The Alliance dispatches a new character called the Operative (Chiwetel Ejiofor) to retrieve River. He's a regal (read: British) fellow who sees nothing wrong with wiping out lots of folks to get to the Serenity.
Of course, there are members of the ship's crew who think the Alliance can have the girl. River has been programmed to kill. At one stop, she beats up dozens of people, including Jayne (Adam Baldwin), the hulking mercenary who doesn't trust her. But abandoning River and her brother would mean no movie. Funnier and more urgent is that, for Kaylee (Jewel Staite), the ship's randy hick mechanic, getting rid of them would mean no nookie for her and Simon.

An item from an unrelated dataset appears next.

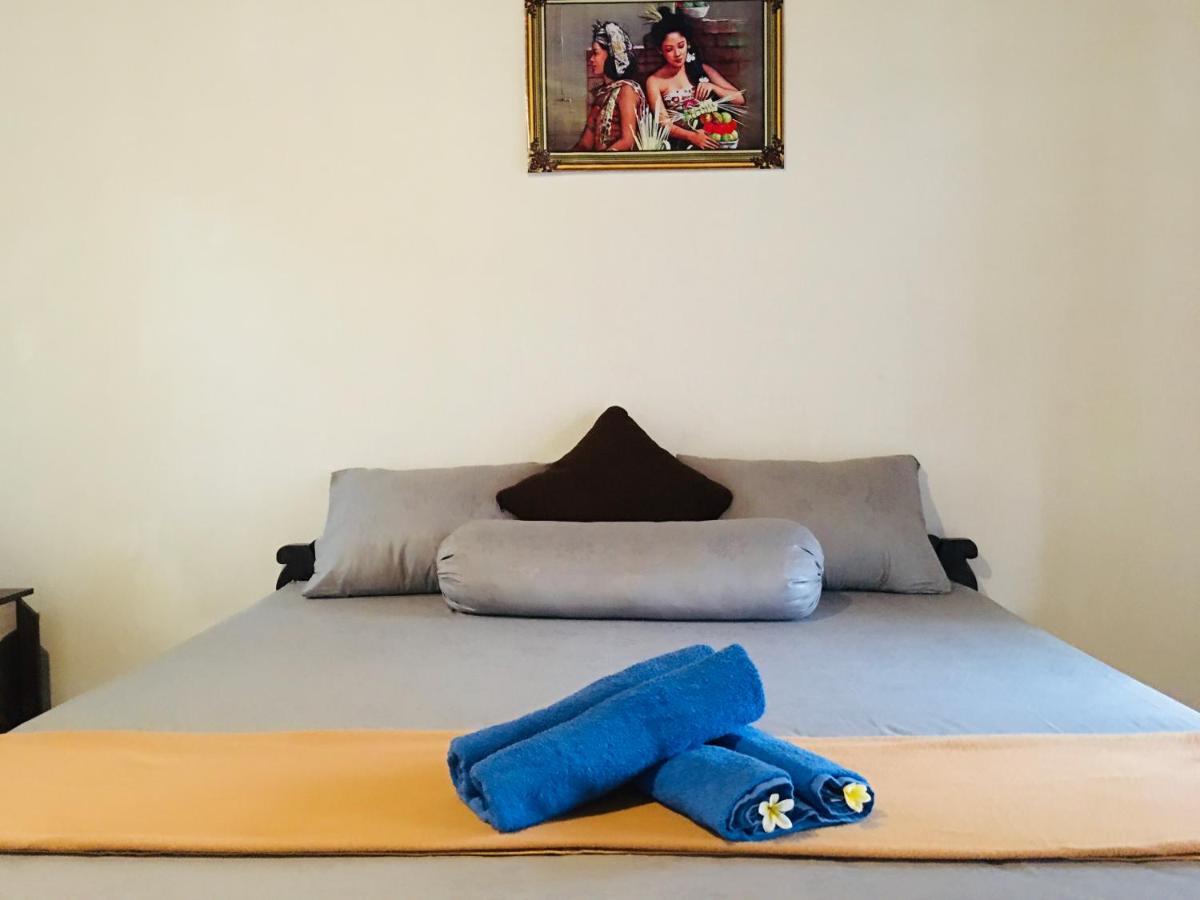 Ampik Batur Hotell Kintamani Eksteriør bilde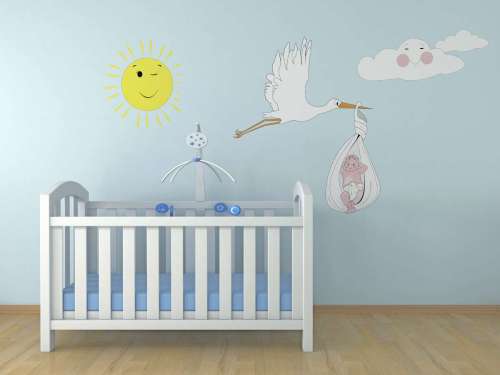 20 ایده خلاقانه برای تزیین اتاق نوزاد پسر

Whedon has a fondness for the comedy in that sort of human predicament. He also demonstrates a healthy respect for the climactic whiz-bang of science fiction, too. But, at its heart, the movie he's made is a Western. The Serenity's captain, Mal Reynolds (Nathan Fillion), is a semi-moral loner whose conscience often takes a back seat to the will to survive. (It's the sort of role that should have made Fillion a big TV star; he has very good comic timing and is credible as a fearless leader.)
Mal's love interest is a courtesan (Morena Baccarin), and they enjoy one of those frustrated "can't live with her . . ." relationships. "You spin me about," he tells her. "I wish you was elsewhere." Louis L'Amour couldn't have writ it finer. The movie's director of photography, Jack N. Green, was Clint Eastwood's longtime cinematographer, and Ruth Carter's excellently weird costumes suggest Marc Jacobs in 1875.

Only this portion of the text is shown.